I'll bear that in mind. I'm still hoping I can get this working though.

I downloaded the dorico demo yesterday and have been using it on a simple one line vocal part. It's too early to say if I am going to take to it. I need to get muscle memory going first 

Cheers.


----------



## Zedcars (May 19, 2019)

ptram said:


> Sibelius 6.2 works fine on Mac High Sierra. While I’m not using it regularly, I didn't note any crash during use.
> 
> Paolo


Thank you. Yes, I can launch 6.2 in demo mode (i.e. saving disabled) and it seems to work just fine. Just need to register the damned thing. I'll phone them tomorrow.


----------



## Zedcars (May 19, 2019)

brek said:


> Sibelius 6 support for OS X ended way back at 10.9. That might explain some of your issues. Even if you can figure out the authorization, it's likely to crash on load.
> You're going to need to upgrade to a newer version of Sibelius or try on a Windows machine. It sucks, but is what it is.
> I went though the same thing a few years ago (edit: this was on Sibelius 5, which wouldn't open on 10.10).
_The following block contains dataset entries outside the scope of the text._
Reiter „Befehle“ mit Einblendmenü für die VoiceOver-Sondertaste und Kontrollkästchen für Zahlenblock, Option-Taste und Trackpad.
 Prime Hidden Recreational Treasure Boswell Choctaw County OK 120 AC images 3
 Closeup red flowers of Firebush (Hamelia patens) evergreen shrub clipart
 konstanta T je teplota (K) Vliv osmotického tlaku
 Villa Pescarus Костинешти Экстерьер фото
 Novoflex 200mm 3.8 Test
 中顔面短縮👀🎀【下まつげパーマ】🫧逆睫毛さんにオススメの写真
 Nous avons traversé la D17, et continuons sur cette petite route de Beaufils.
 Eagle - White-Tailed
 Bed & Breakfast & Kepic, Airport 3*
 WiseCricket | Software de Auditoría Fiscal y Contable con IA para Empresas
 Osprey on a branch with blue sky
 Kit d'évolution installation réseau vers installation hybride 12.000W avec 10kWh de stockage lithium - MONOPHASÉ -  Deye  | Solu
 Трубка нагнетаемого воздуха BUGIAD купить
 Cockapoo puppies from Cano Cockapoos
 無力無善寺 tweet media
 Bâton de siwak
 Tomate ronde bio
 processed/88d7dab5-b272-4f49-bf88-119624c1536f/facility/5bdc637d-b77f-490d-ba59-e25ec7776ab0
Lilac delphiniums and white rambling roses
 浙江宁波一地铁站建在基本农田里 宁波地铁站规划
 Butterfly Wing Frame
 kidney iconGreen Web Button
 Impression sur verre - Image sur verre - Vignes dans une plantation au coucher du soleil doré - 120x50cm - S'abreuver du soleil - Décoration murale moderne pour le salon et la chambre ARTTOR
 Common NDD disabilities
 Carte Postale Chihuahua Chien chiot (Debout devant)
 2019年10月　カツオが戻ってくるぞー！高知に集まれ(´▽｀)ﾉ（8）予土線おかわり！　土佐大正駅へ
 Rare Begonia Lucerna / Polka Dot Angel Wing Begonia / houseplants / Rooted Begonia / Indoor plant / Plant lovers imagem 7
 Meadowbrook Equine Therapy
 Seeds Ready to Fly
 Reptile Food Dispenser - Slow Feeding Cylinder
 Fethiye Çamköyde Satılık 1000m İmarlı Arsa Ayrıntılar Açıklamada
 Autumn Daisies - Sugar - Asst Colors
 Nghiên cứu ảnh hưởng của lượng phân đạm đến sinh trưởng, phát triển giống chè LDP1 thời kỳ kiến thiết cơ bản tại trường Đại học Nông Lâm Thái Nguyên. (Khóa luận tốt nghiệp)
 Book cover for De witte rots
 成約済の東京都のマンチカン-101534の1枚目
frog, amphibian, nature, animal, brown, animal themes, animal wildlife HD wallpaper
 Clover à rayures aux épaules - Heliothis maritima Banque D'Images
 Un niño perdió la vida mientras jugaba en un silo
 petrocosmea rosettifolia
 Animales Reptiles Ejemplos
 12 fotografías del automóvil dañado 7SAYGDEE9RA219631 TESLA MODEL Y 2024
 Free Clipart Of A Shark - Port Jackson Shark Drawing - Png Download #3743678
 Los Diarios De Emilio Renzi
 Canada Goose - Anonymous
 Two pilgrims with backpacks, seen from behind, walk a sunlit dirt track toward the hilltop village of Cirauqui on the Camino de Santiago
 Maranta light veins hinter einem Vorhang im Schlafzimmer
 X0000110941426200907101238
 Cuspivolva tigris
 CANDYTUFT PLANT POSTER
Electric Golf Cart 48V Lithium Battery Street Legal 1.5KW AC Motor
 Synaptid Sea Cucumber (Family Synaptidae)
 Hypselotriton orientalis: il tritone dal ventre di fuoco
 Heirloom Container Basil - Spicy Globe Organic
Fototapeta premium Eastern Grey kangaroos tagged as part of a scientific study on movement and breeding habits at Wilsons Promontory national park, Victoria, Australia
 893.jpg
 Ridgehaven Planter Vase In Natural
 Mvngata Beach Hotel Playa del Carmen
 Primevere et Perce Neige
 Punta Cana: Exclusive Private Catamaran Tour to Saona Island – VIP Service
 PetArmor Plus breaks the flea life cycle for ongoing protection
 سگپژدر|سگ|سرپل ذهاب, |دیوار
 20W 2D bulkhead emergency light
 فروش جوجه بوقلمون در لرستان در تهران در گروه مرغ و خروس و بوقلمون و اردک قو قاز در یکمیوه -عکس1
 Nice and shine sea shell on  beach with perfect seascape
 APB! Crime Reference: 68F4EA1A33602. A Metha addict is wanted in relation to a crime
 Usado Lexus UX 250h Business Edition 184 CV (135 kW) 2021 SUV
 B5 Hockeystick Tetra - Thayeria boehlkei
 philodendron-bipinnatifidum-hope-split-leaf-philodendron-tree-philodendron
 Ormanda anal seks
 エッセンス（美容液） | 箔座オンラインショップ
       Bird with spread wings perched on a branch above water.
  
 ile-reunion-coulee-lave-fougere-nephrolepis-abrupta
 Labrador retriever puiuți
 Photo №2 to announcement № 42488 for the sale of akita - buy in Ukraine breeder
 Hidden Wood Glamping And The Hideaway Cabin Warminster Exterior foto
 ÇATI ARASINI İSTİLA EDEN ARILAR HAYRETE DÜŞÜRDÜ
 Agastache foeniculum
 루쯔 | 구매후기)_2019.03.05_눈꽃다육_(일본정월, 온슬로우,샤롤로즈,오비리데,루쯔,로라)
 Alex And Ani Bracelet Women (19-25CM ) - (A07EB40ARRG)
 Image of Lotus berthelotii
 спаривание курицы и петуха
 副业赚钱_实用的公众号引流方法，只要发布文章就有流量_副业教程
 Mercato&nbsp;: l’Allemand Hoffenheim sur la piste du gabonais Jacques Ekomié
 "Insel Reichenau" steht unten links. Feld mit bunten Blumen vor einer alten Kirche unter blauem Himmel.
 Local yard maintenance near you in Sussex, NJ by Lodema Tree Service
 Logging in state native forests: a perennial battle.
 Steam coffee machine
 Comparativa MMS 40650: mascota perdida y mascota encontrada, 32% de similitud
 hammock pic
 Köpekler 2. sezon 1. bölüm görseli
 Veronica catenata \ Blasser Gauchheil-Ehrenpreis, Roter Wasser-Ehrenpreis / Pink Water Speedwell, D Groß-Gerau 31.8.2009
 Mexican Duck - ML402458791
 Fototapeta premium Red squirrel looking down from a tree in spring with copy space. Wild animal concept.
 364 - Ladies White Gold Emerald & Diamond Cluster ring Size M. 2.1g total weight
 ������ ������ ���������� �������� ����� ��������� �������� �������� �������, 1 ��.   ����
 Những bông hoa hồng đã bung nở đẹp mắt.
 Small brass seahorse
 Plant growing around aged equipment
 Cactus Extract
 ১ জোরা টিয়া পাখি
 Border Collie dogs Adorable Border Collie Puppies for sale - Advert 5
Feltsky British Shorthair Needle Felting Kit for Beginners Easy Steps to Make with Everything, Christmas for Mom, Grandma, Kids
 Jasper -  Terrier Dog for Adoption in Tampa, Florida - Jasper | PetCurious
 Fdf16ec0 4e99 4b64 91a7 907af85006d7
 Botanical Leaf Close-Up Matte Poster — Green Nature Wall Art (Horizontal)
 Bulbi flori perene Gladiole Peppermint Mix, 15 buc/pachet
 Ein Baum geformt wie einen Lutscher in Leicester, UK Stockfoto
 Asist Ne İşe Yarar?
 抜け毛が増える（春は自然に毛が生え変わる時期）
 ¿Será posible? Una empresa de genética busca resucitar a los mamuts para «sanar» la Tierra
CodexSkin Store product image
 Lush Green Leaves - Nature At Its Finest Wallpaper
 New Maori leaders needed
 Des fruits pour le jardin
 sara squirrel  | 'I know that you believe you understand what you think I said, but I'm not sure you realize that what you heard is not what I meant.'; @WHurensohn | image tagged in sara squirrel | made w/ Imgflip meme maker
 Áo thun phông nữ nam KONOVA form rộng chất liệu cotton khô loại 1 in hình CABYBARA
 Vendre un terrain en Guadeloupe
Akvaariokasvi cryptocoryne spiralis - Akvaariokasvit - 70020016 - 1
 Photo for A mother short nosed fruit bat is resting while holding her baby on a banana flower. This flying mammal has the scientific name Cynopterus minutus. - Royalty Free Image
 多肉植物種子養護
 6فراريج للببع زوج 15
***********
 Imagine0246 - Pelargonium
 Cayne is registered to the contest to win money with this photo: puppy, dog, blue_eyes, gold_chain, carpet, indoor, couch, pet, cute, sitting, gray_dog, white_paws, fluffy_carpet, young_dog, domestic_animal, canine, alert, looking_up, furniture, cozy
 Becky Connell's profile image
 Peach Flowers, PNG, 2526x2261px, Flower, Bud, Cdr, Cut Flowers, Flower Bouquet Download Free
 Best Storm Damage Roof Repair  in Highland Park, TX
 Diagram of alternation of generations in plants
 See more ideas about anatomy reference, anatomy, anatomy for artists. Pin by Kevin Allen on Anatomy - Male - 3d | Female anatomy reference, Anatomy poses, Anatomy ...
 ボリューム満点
I can still load 6.2 on Mojave, just not save which is due to it being unregistered.


----------



## Zedcars (May 19, 2019)

lumcas said:


> As much as I would like to help you, I have to leave you with "Welcome to the Avid world". My guess is you will have to sort this one out by contacting Avid support, preferably by phone.
> 
> This is a pretty comprehensive contact page:
> 
> http://www.sibelius.com/helpcenter/contact.html



Thank you. I'll give it a go tomorrow.


----------



## stingray306 (Apr 8, 2020)

I had this problem. Luckily, you don't need to track down a registration code. As long as you have your serial number, you can solve the problem! 
When you open up the program and it asks you to register (or from the help menu), click the use a browser or another computer option. The website link they provide here will not work, so head over to https://secure.sibelius.com/cgi-bin/register/register.pl . Once you are there, type in your serial number, and it will give you the registration code. Simply copy and paste this into the prompt in sibelius for a registration code, fill in your name, and viola! It should be registered. This is how I solved it, hope this helps!


----------